[PLUG] Ghosted? (posted payscale)

Keith Lofstrom keithl at keithl.com
Mon Jul 28 22:05:46 UTC 2025


On Mon, Jul 28, 2025 at 07:53:35AM -0700, Ted Mittelstaedt wrote:
> But today, there's a whole list of states that require disclosed pay scales by law.  And trust me, ANY employer in any of those states who lists a job and does NOT do that - they WILL get reported - by hundreds of job seekers.  And the state employment divisions just LOVE fining employers for this kind of stuff.

90% good idea, 10% bad idea.  Agreed, most jobs are "cogs in
the machine".   Such jobs are quantifiable, and their worth 
and costs to employer and employee can calculated. 

Better jobs are defined collaboratively between "boss" and
"underling", and evolve into teamwork and fluidly delegated
responsibilities in both directions.  It took half my life
to figure this out.

Decades ago at Tektronix, my Motorola-trained manager was
preparing his annual budget for his manager.  One of the
tasks on his list for the team was to prepare a test
program and a probe card and a mask pattern for the new
"depletion gate NMOS process".  The task he delegated to
me was to figure out how many weeks and tens of thousands
of dollars that design time and purchases this would take.  

I came back the next day with "done" and "zero dollars".
Not the answer he (or his bosses) were expecting.

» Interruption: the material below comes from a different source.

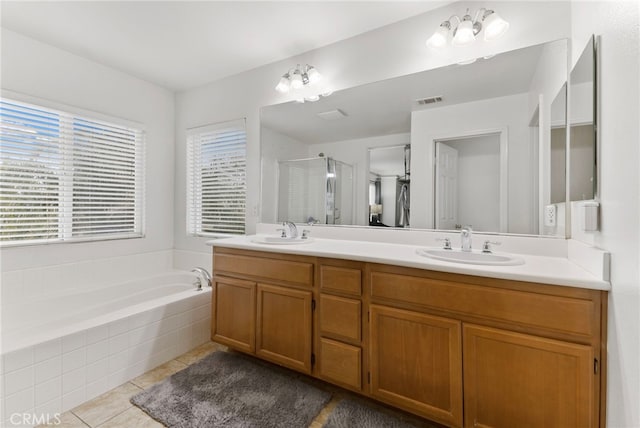 3883 Taconite Rd, San Bernardino, CA 92407 - bathroom featuring double vanity, a stall shower, a bath, and tile patterned floors
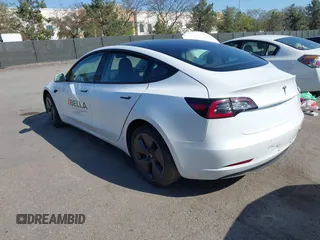 2022 Tesla Model 3 with VIN 5YJ3E1EA2NF245817, listed as a IAAI auction lot 41976493 with 32,710 mi miles and . Bid and sale history available at DreamBid. Image 3.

Looking at the problem, I quickly realized that the probe
card for the existing CMOS process was perfectly usable for
a new NMOS proces.  Juggling the process layers for the
CMOS test pattern yielded a usable NMOS pattern (adding a
few details for the production workers to tell them apart). 

Changing a few lines of code in the CMOS test program
created a new program that could test both NMOS and CMOS
circuits, and route results to the appropriate production
database. 

Indeed, the production workers wouldn't need to tell the
test station software which process it was measuring and
which database to add it to;  the workers would follow the
very same steps for either process, and the program would
tell them "CMOS or NMOS" and route the data to the correct
database.  An opportunity to dispel confusion rather than
create it.

However ... my manager (and his manager) was not expecting
a rapid "zero cost" solution to the problem.  As a newbie
engineer, I did not anticipate how much trouble this would
cause as it rippled through the rigid management structure.

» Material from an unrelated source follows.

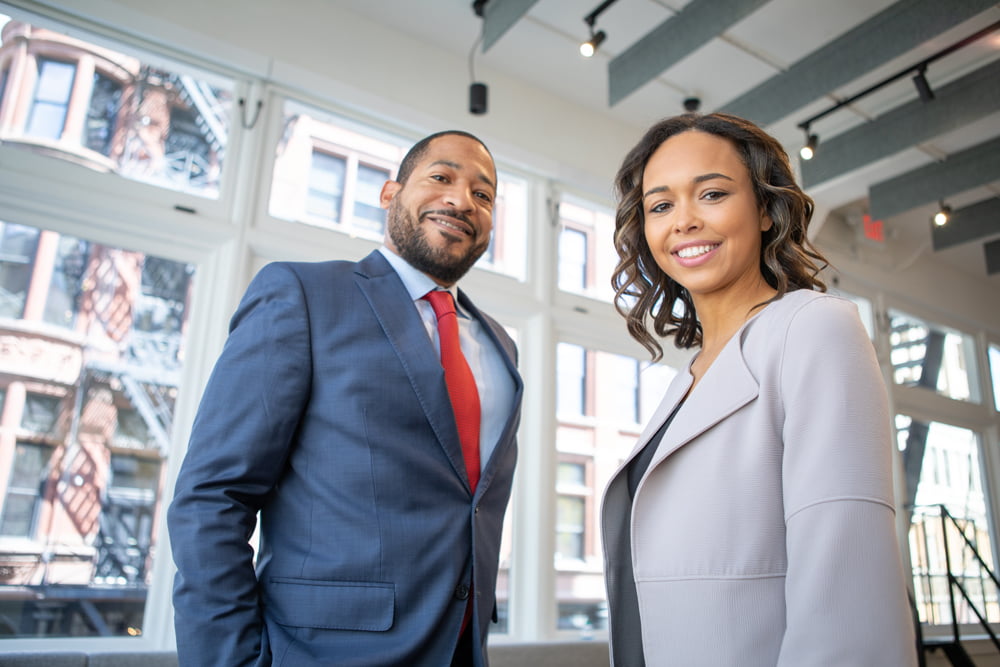 Young male and female employees wearing suits seeming confident at the workplace.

A mal-adaptive structure that was brilliantly fluid when
Jack Murdock and Howard Vollum created and grew Tektronix,
but suffered from rigor mortis after both Jack and Howard
died.

I observe similar rigor mortis in 2025 Intel, now that
Gordon Moore and Robert Noyce and Andy Grove are all dead. 
Still many excellent minds working there, but not allowed
to tinker with a formerly-winning formula.  Constrained by
HR and federal employment regulations to select new hires
and replacement management using standard measures of
worth (mediocrity), rather than unhinged mavericks who
will shatter and rebuild a past-focused company. 

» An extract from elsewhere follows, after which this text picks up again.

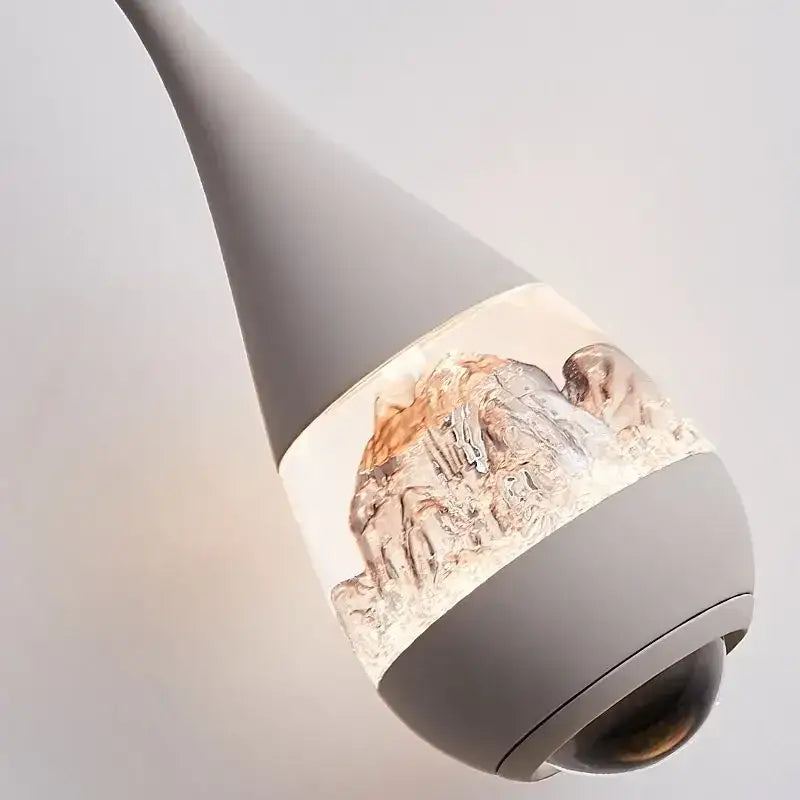 Gray teardrop-shaped glass pendant chandelier with textured mountain design for dining room decor lighting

Hell, some of those deviants might cause lawsuits,
while they create vast new opportunity for employees,
stockholders, customers, and the entire world.

Meanwhile, I read about crazy new products that just might
blow mosfets and von Neumann architectures out of the water:

https://spectrum.ieee.org/negative-capacitance-schottky-limit
https://spectrum.ieee.org/efficient-computer-dataflow-architecture

90% chance these two examples will fail, as most new ideas do.

https://en.wikipedia.org/wiki/Sturgeon%27s_law
-
Luckily, we have more thousands of new ideas in 2025 than
any past year.  Companies and nations willing to take the
risks to ride these waves may wipe out - or they might
be the next Intel.  Or even the "next" United States,
where OUR wretched huddled masses, yearning to breath
free, will escape TO, FROM our teeming shores.

"Whenever I run into a problem I can't solve, I always make
it bigger" - attributed to Dwight Eisenhower. 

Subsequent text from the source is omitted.